Even so, the fifth season of The Walking Dead has taken a remarkable shuffle forward into respectability — and a big reason why is the monstrous show’s sudden interest in humanity. After years of offering up characters who were little more than krill with overactive sweat glands, The Walking Dead has begun to give us people we might like to spend time with even if they weren’t blessed with video-game aim. Tyreese, Sasha, Abraham, and a few of the other recent recruits are all worthy companions. But to my mind the show’s hardiest survivor (and secret MVP) is Melissa McBride’s Carol.
It helps, of course, that Carol might just be the only cast member with an honest-to-goodness arc. (The rest of them have express elevators that only travel straight down.) In the nearly 60 hours of television since the show’s premiere, Carol has evolved from a silent victim of domestic abuse to a pistol-packing inspirational figure, able to single-handedly detonate a prison camp full of cannibals.
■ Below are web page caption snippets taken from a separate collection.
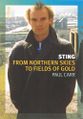 Sting From Northern Skies To Fields Of Gold Paul Carr cover.jpg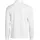 Clique Basic Cardigan Weiß M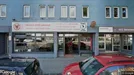 Apartment for rent, Kassel, Hessen, Frankfurter Straße<span class="blurred street-number" onclick="ProcessAdRequest(17990225)"><span class="hint">See no.</span>[xxxxxx]</span>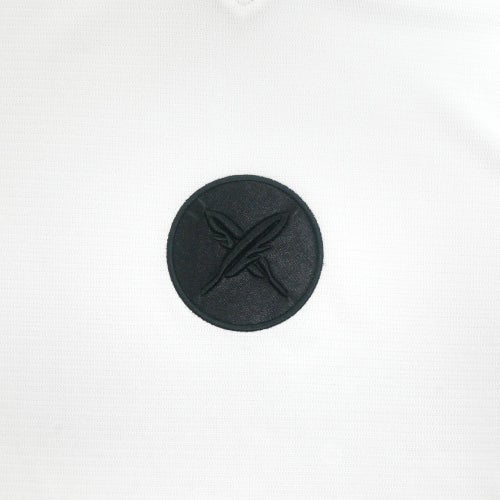 NIKE SB 半袖シャツ YUTO HORIGOME JERSEY IM5466-100 03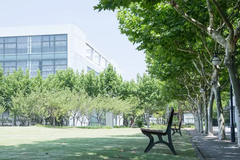 2024年四川高考文科478分可以上什么大学？附2024年可以报的大学名单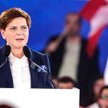 Beata Szydło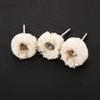 Practical 2.35/3.0mm Shank Polishing Buffing Wheel for Jewelry Rotary Clean Tool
What I appreciate most about this journey is the way McBride, a former casting director, never lets Carol’s past leech out of her performance. There’s a tightness to her face and movements. Earlier this season, when Carol led Daryl through the rotting streets of downtown Atlanta toward the one safe spot she knew — a shelter where she and her daughter had taken refuge for a night back when the larger world was “safe” but hers was anything but — there was a pathos and desperation on display that had nothing to do with being eaten alive. No one else on The Walking Dead is as attuned to the relatable anguish of actually living. The show has plenty of guts. She’s the heart.